Crear una tradición toma tiempo. No todo acto repetitivo dura lo suficiente como para alcanzar el estatus de una tradición o costumbre nacional.

Tampoco toda costumbre o hábito es, necesariamente, positiva. Hurgarse la nariz en público cotidianamente o hablar a punta de garabatos no son hábitos que merezcan aplausos.

La creación de una costumbre positiva, cuando después de un tiempo valoramos su presencia, puede ir desde el ejercicio de la democracia y la elección de nuestras autoridades, hasta hacer de la generosidad ciudadana un rito de calidad indescriptible, como acaba -otra vez- de ocurrir en la Teletón.

Los seres humanos funcionamos a base de hábitos y costumbres que nos dan seguridad en su repetición. Y cuando existe la percepción que esa seguridad puede cambiarse por algo nuevo, que obligará a cambiar hábitos y costumbres, la resistencia humana a mantener lo conocido puede ser muy alta si no se ofrece algo cualitativamente mejor que lo que ya tenemos. Donar para beneficiar a otros ya se hizo tradición en nuestro país. Sabemos cómo funciona ese proceso y hemos visto sus resultados.

Que los ciudadanos se donen derechos, instituciones, libertades, reglas de comportamiento para todos, a través de un orden constitucional, debiera ser el mejor hábito. Por eso, los países que lograron su independencia no dejan pasar mucho tiempo antes de que hagan nacer su primera Constitución. Porque aprovechan el entusiasmo reinante para darse reglas, derechos y libertades, que se sabe serán valoradas por todos.

Ese entusiasmo cívico se pone en duda cuando la performance es más visible que el contenido o cuando la mayoría usa sus números para someter al resto.

Un país orgulloso y entusiasmado por votar su propia Constitución se nota. Cuando no es así, también se notan la decepción y el desencanto. Pedirle a todos que colaboren, en la medida que puedan, en ayudar al prójimo en sus dificultades, se nota en la cara de los chilenos cuando se da el último cómputo.

Pedirle a un puñado de chilenos que ofrezcan al país una nueva Constitución, corre el riesgo de percibirse como una carrera de egos políticos, donde la mayoría ocasional manda, si no hubo gestos de desprendimiento serios de los que eran más para incluir a los menos. Ya lo vimos una vez y, si las encuestas no se equivocan, parece que estamos a punto de verlo de nuevo.

Quizás, si hay que hacer un tercer intento, habría que esperar un poco y convocar al pueblo después de reflexionar lo que ha pasado.

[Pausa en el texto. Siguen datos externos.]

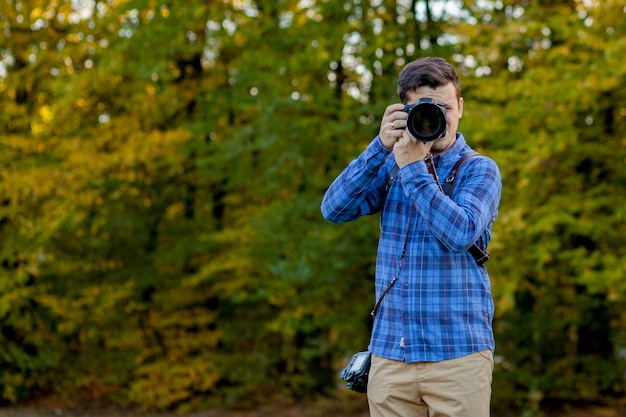 Berufsfotograf in der Aktion mit zwei Kameras auf Schultergurten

De alguna forma habría que replicar un espíritu antiguo que se necesita recuperar: imaginarse que acabamos de independizarnos y lo que cabe es darse, ahora libres y orgullosos, una Constitución como si fuera la primera en el nacimiento de la patria.

Ese espíritu hace falta para parecernos más al entusiasmo por el último cómputo, antes que a la desilusión por nuestra incapacidad de aceptarnos como somos dentro de nuestra feble e imperfecta sociedad.